Data items:
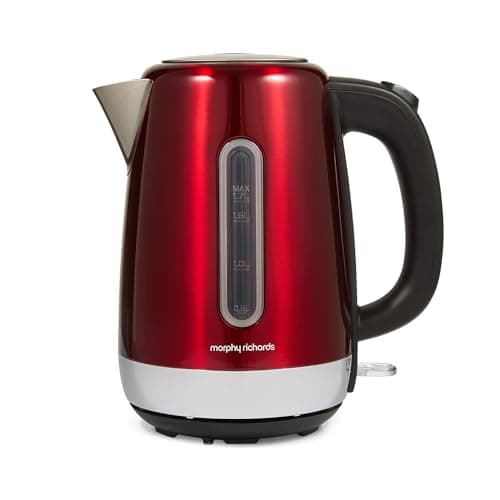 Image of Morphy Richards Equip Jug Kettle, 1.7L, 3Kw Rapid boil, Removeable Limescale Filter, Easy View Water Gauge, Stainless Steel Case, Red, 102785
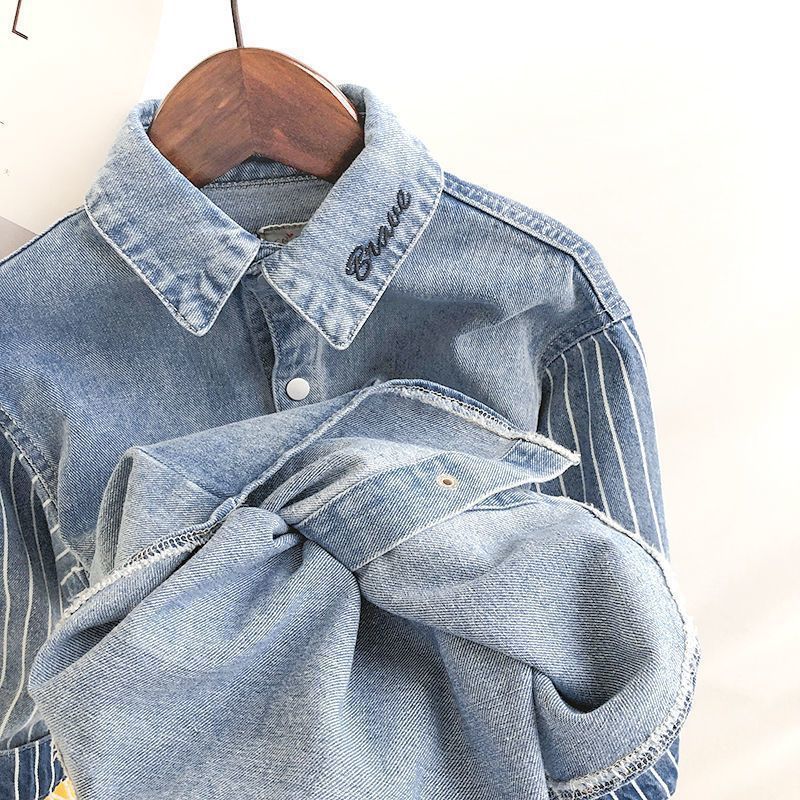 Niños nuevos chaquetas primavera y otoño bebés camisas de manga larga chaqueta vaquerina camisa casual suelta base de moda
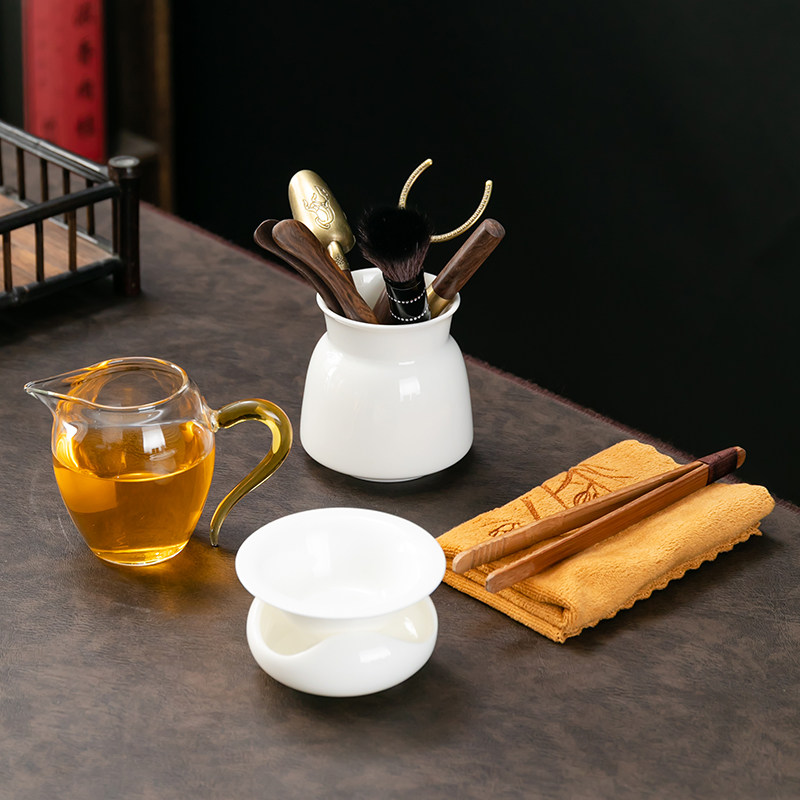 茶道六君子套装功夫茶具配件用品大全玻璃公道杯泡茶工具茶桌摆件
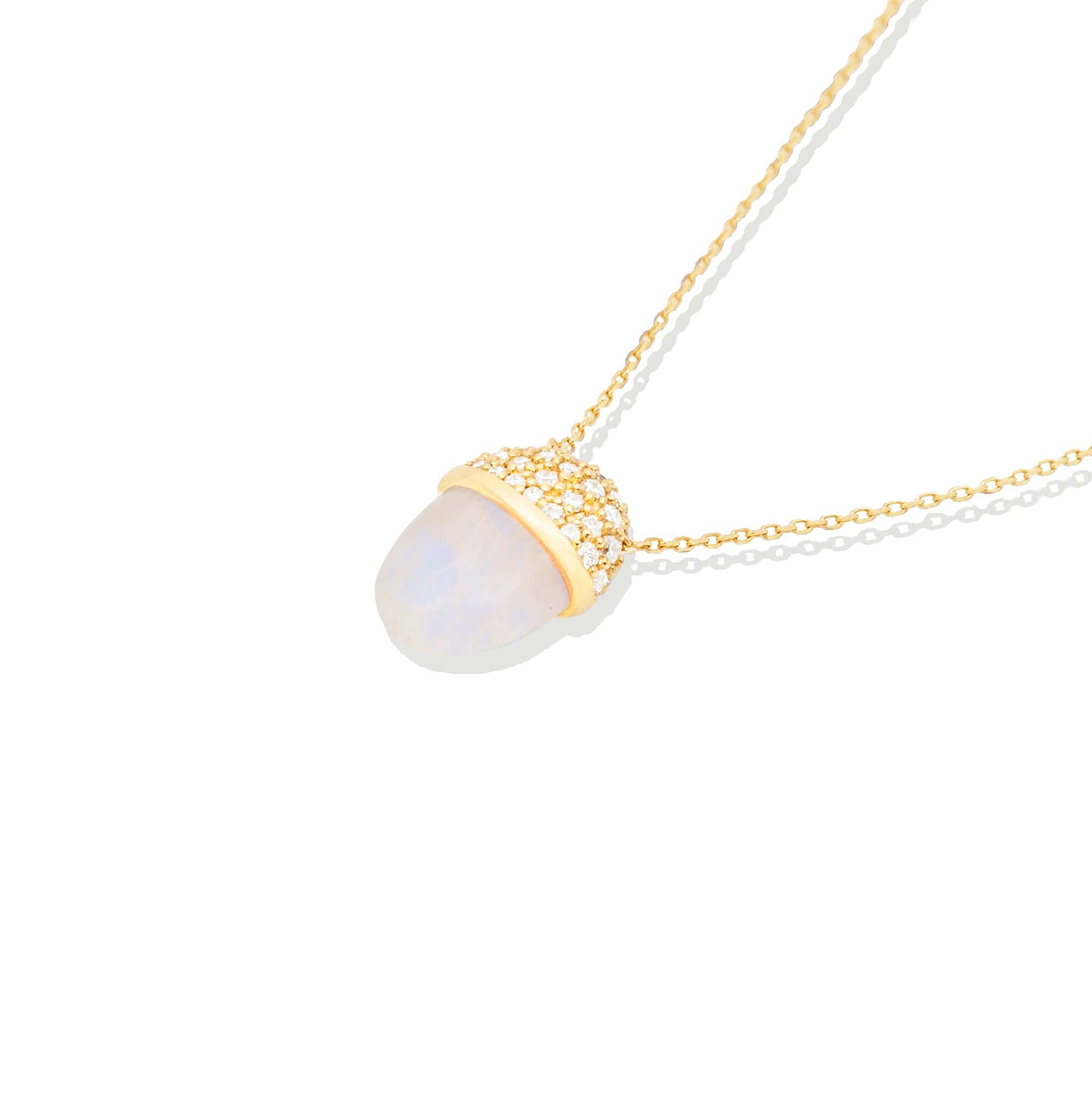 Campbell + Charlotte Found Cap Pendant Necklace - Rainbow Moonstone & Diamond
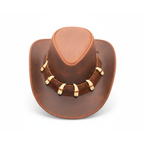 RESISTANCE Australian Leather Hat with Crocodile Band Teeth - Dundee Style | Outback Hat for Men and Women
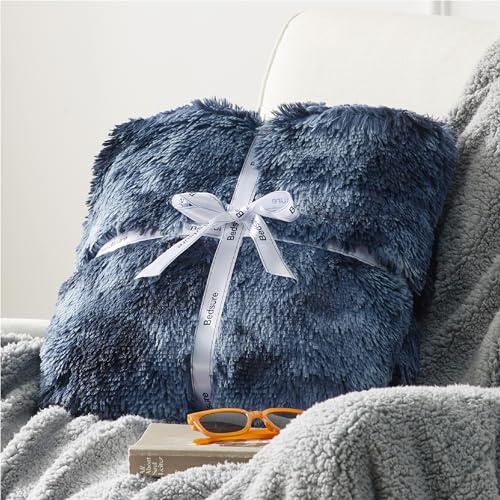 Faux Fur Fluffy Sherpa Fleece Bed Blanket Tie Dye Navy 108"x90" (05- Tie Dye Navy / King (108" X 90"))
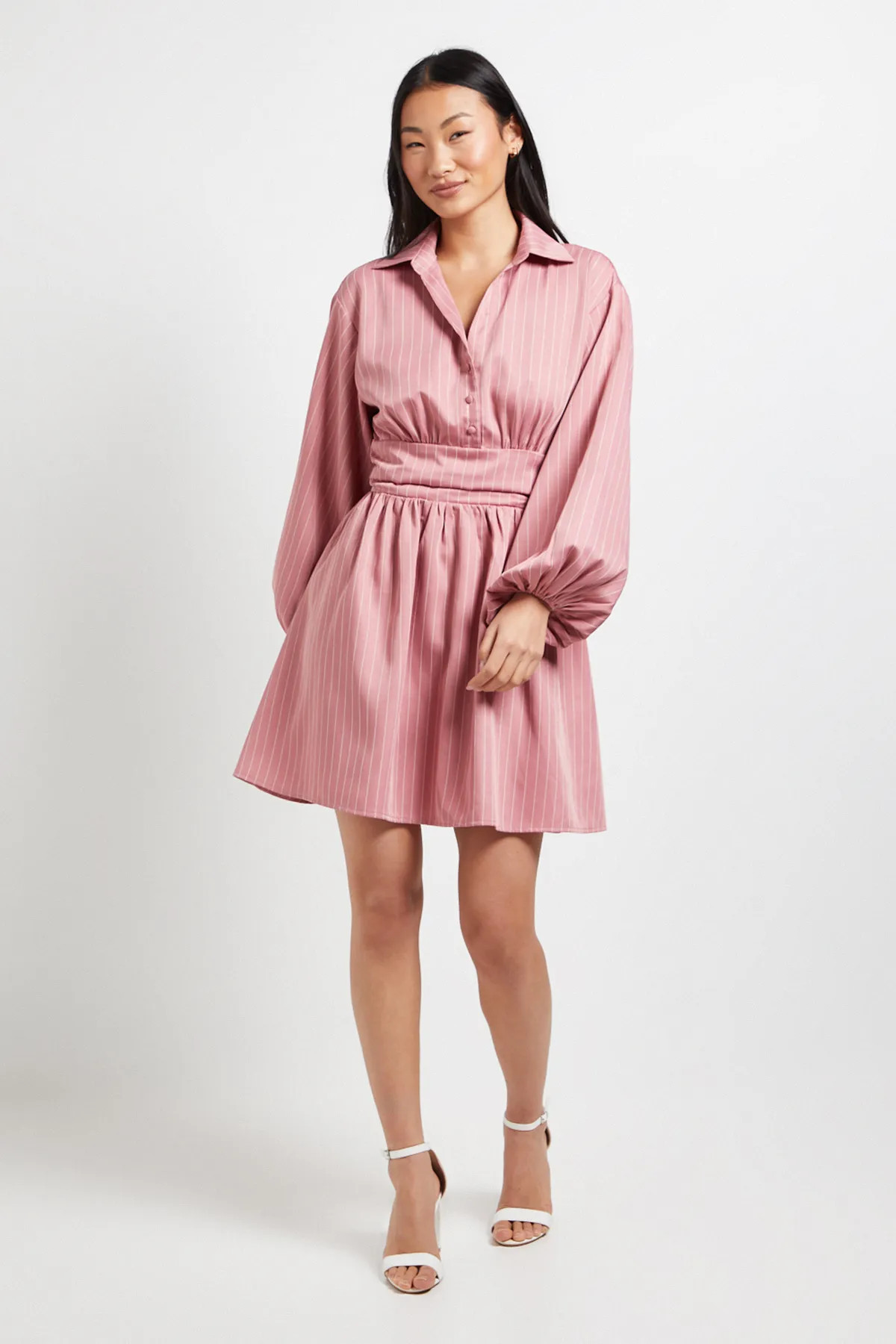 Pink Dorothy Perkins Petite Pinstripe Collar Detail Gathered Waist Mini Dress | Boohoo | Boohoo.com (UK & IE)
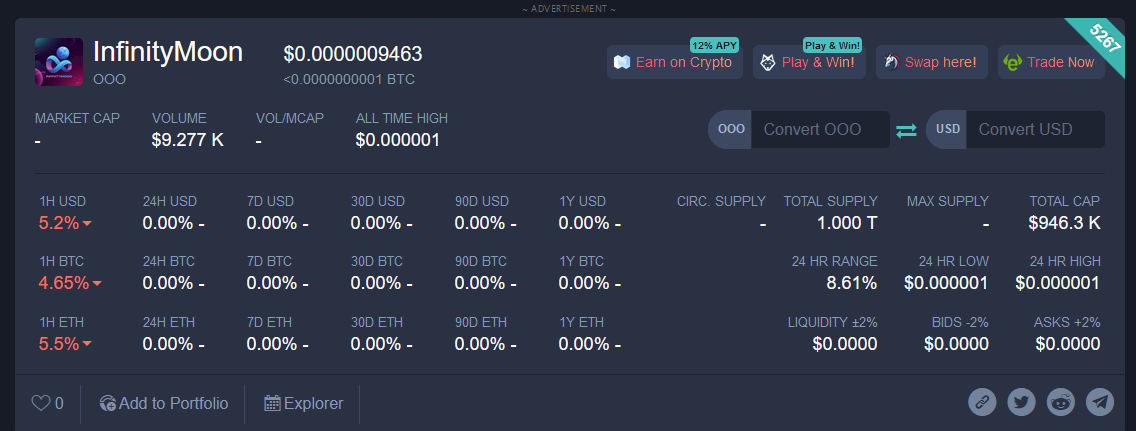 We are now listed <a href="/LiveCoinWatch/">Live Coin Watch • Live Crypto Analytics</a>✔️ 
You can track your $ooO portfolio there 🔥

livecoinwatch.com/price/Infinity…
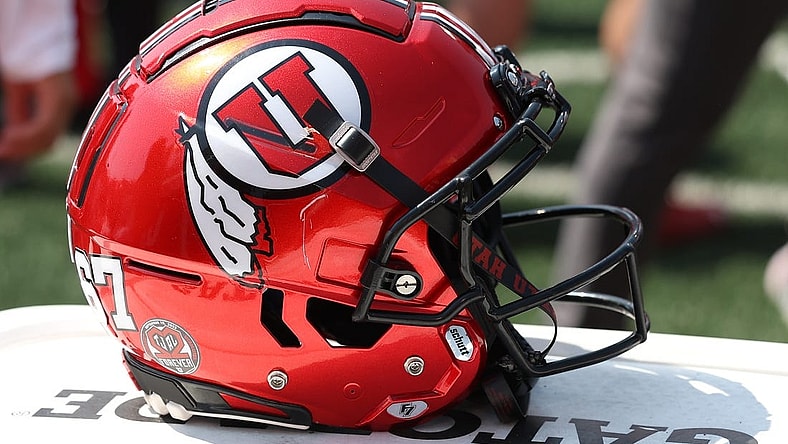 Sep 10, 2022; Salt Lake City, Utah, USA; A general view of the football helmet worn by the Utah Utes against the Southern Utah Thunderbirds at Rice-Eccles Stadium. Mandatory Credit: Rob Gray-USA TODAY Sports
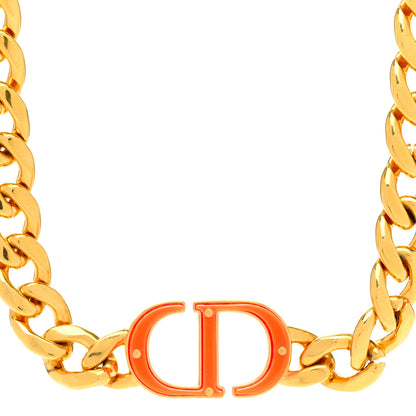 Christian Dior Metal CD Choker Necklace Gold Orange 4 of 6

Task objective - Set down the entries above exactly; no pictures belong in the copy.

Answer below -
 Image of Morphy Richards Equip Jug Kettle, 1.7L, 3Kw Rapid boil, Removeable Limescale Filter, Easy View Water Gauge, Stainless Steel Case, Red, 102785
 Niños nuevos chaquetas primavera y otoño bebés camisas de manga larga chaqueta vaquerina camisa casual suelta base de moda
 茶道六君子套装功夫茶具配件用品大全玻璃公道杯泡茶工具茶桌摆件
 Campbell + Charlotte Found Cap Pendant Necklace - Rainbow Moonstone & Diamond
 RESISTANCE Australian Leather Hat with Crocodile Band Teeth - Dundee Style | Outback Hat for Men and Women
 Faux Fur Fluffy Sherpa Fleece Bed Blanket Tie Dye Navy 108"x90" (05- Tie Dye Navy / King (108" X 90"))
 Pink Dorothy Perkins Petite Pinstripe Collar Detail Gathered Waist Mini Dress | Boohoo | Boohoo.com (UK & IE)
 We are now listed <a href="/LiveCoinWatch/">Live Coin Watch • Live Crypto Analytics</a>✔️ 
You can track your $ooO portfolio there 🔥

livecoinwatch.com/price/Infinity…
 Sep 10, 2022; Salt Lake City, Utah, USA; A general view of the football helmet worn by the Utah Utes against the Southern Utah Thunderbirds at Rice-Eccles Stadium. Mandatory Credit: Rob Gray-USA TODAY Sports
 Christian Dior Metal CD Choker Necklace Gold Orange 4 of 6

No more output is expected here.